**GIVEN INFORMATION**
■ ■ ■ ■ ■ ■ ■
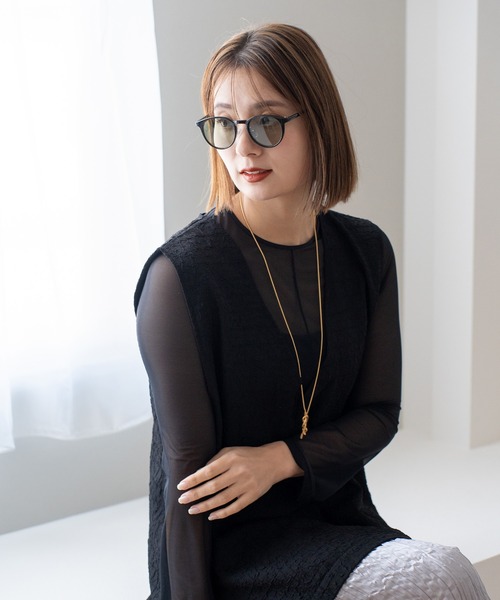 VitaFelice(ヴィータフェリーチェ)の「超軽量 サングラス UVカット(サングラス・レディース・A/G/E/H/J/I/K/B/C/D/F/L・FREE)」の22枚目の写真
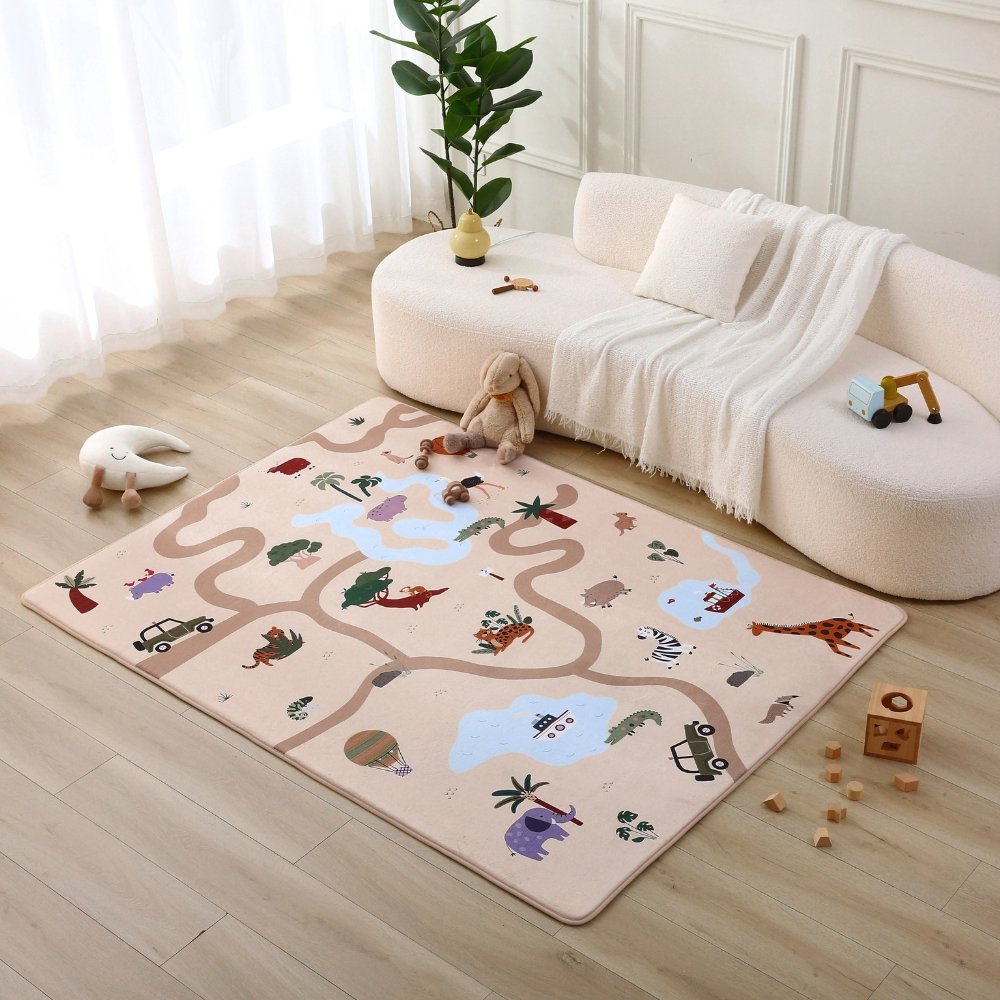 Hakuna Matte χαλί "Σαφάρι" (200 x 150 x 1.5 εκ.) - Image 3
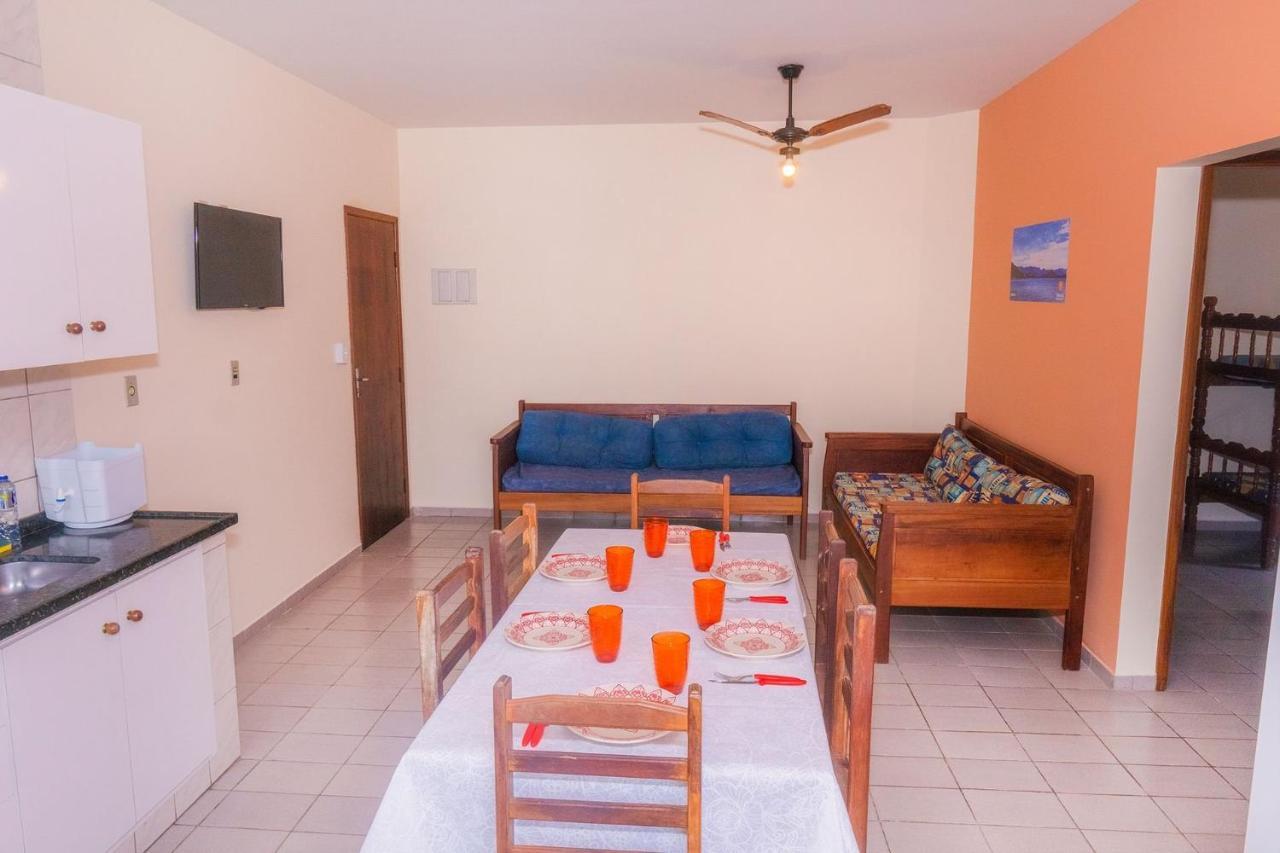 Apartamento Praia Grande Ubatuba 2 Vagas Garagem Internet Wifi Екстериор снимка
■ ■ ■ ■ ■ ■ ■
**WORK ITEM**
Leave the pictures out and print the whole listing precisely.

**EXERCISE RESPONSE**
 VitaFelice(ヴィータフェリーチェ)の「超軽量 サングラス UVカット(サングラス・レディース・A/G/E/H/J/I/K/B/C/D/F/L・FREE)」の22枚目の写真
 Hakuna Matte χαλί "Σαφάρι" (200 x 150 x 1.5 εκ.) - Image 3
 Apartamento Praia Grande Ubatuba 2 Vagas Garagem Internet Wifi Екстериор снимка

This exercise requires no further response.